**Information supplied:**
++++++++++
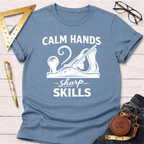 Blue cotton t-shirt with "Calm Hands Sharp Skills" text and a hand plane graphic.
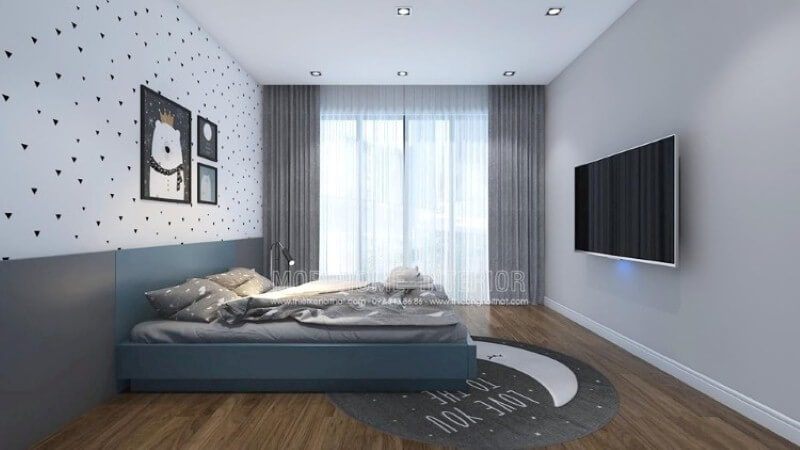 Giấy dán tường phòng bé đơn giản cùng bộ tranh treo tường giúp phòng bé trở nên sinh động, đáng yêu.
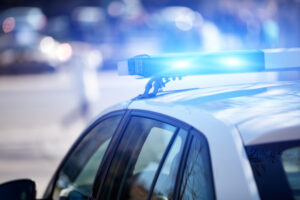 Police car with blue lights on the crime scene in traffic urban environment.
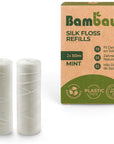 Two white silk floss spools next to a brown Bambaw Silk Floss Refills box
++++++++++
**Exercise description:**
Take the line containing "Giấy dán tường" and every line after it up to the end of the data, and write them out exactly, without the pictures.

**Output of the exercise:**
 Giấy dán tường phòng bé đơn giản cùng bộ tranh treo tường giúp phòng bé trở nên sinh động, đáng yêu.
 Police car with blue lights on the crime scene in traffic urban environment.
 Two white silk floss spools next to a brown Bambaw Silk Floss Refills box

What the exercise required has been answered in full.